- [Supplied material]
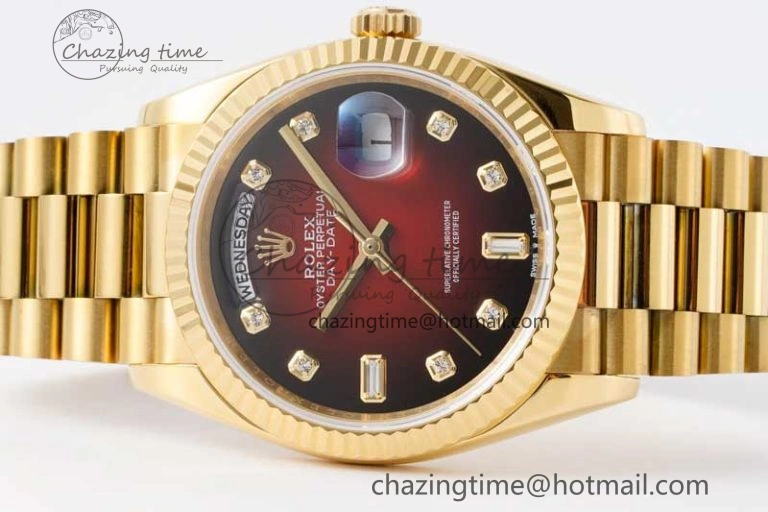 Day Date 36 YG RAF Best Edition Red Black Diamonds on YG Bracelet A2836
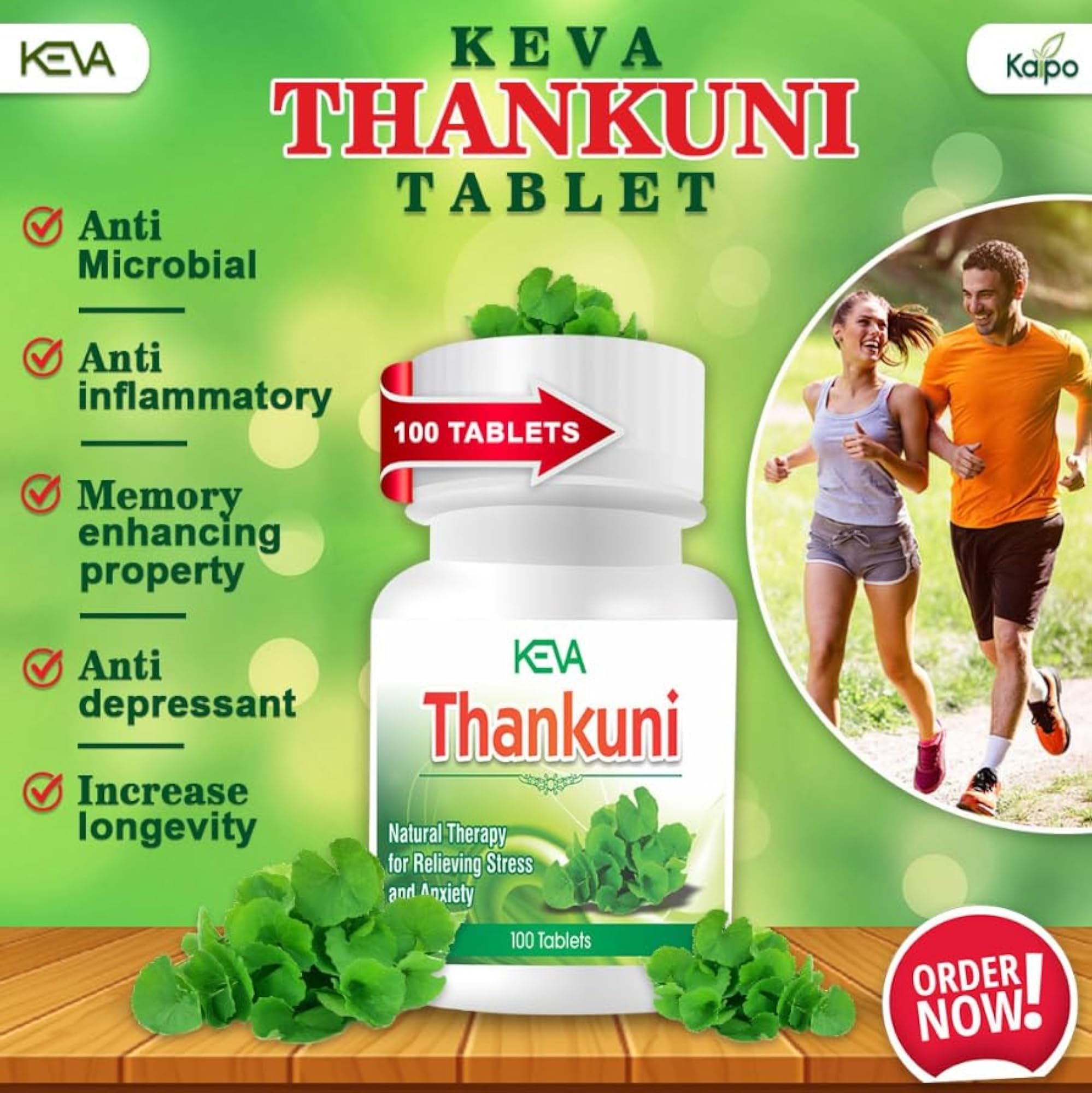 Keva Thankuni Tablets for Stress Relief, Pack of 2 (200 Tablets)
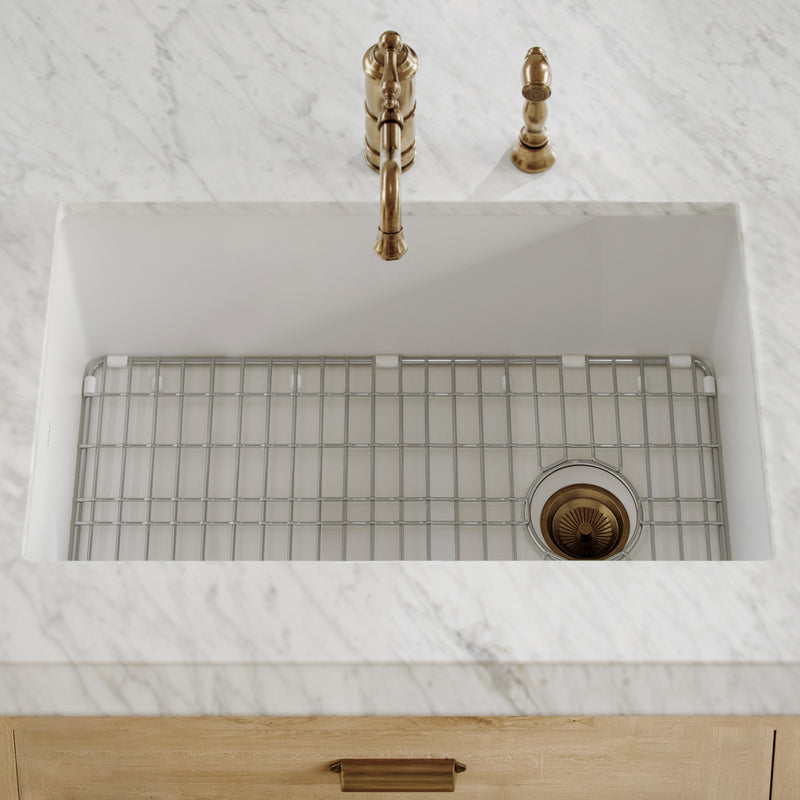 Whitehaus Whitehaus Collection Undermount/Drop-in Fireclay Kitchen Sinks, Stainless Steel Grid Included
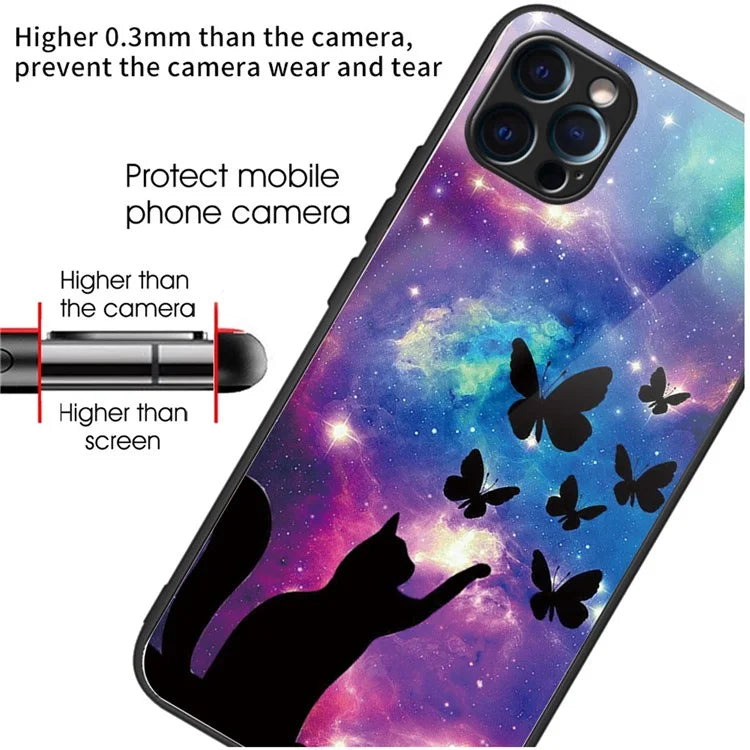 For iPhone 15 Pro Pattern Tempered Glass Case Protective Phone Cover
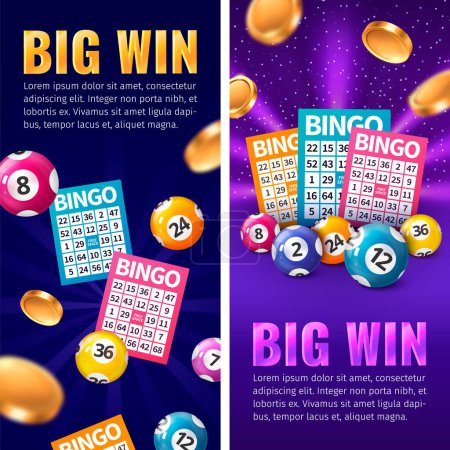 Photo for Realistic Bingo vertical banner template set collection with lot - Royalty Free Image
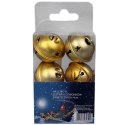 DZWONKI MIKOŁAJA 4 CM ZAWIESZKI ZŁOTE METALOWE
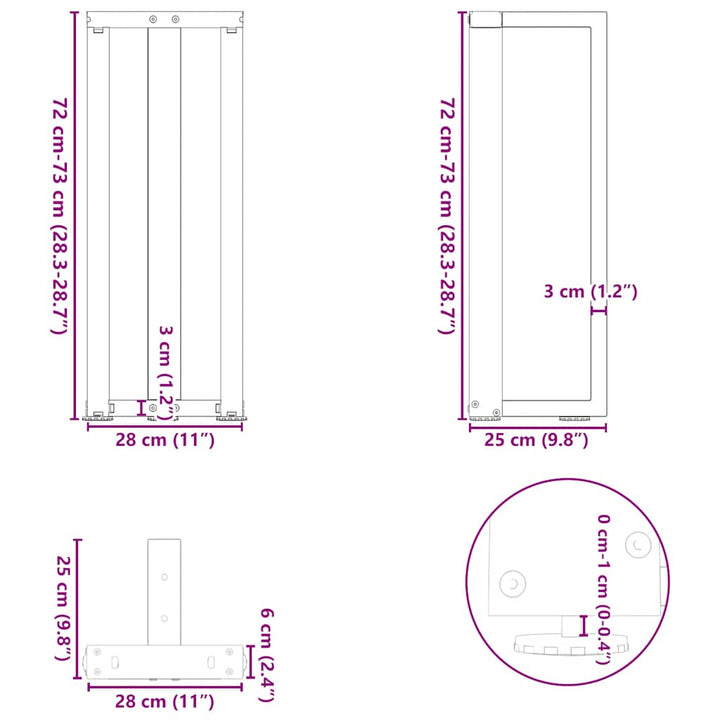 konsolbordben T-formet 2 stk. sort 25x28x(72-73) cm stål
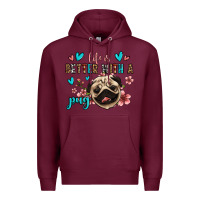 Burgundy life is better with a pug Premium Hoodie - Jasminsmagicworld
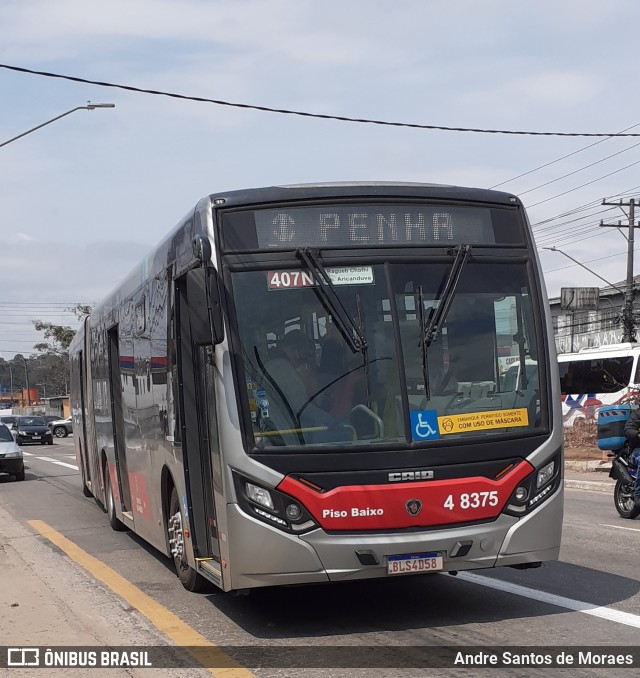 Express Transportes Urbanos Ltda 4 8375 na cidade de São Paulo, São Paulo, Brasil, por Andre Santos de Moraes. ID da foto: 10598526.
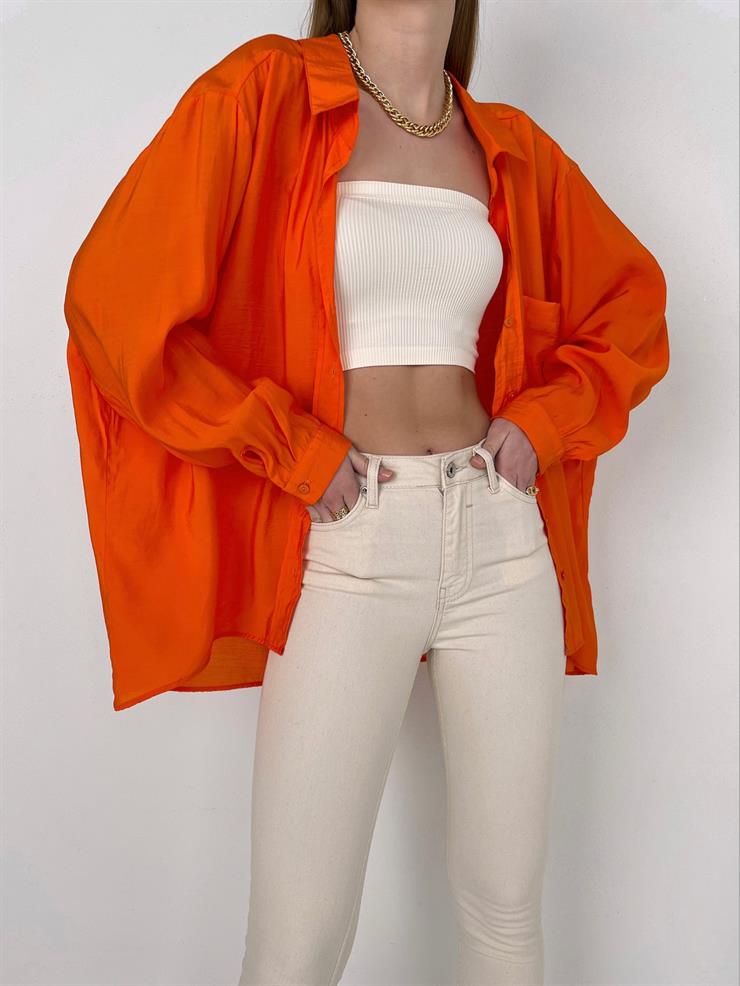 Önü Cep Detaylı Oversize Michelle Kadın Turuncu Gömlek 22Y000125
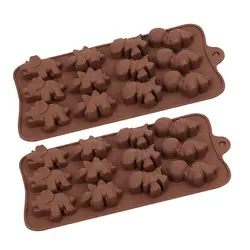2Pcs Chocolate Candy Molds Cute Dinosaur Silicone Cake Molds Non-stick Mini Dinosaur DIY Mold For Making Crayons Soap Cake Dec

- [Problem to work on]
Retype the records above line for line and exactly, omitting their pictures.

- [Your response]
 Day Date 36 YG RAF Best Edition Red Black Diamonds on YG Bracelet A2836
 Keva Thankuni Tablets for Stress Relief, Pack of 2 (200 Tablets)
 Whitehaus Whitehaus Collection Undermount/Drop-in Fireclay Kitchen Sinks, Stainless Steel Grid Included
 For iPhone 15 Pro Pattern Tempered Glass Case Protective Phone Cover
 Photo for Realistic Bingo vertical banner template set collection with lot - Royalty Free Image
 DZWONKI MIKOŁAJA 4 CM ZAWIESZKI ZŁOTE METALOWE
 konsolbordben T-formet 2 stk. sort 25x28x(72-73) cm stål
 Burgundy life is better with a pug Premium Hoodie - Jasminsmagicworld
 Express Transportes Urbanos Ltda 4 8375 na cidade de São Paulo, São Paulo, Brasil, por Andre Santos de Moraes. ID da foto: 10598526.
 Önü Cep Detaylı Oversize Michelle Kadın Turuncu Gömlek 22Y000125
2Pcs Chocolate Candy Molds Cute Dinosaur Silicone Cake Molds Non-stick Mini Dinosaur DIY Mold For Making Crayons Soap Cake Dec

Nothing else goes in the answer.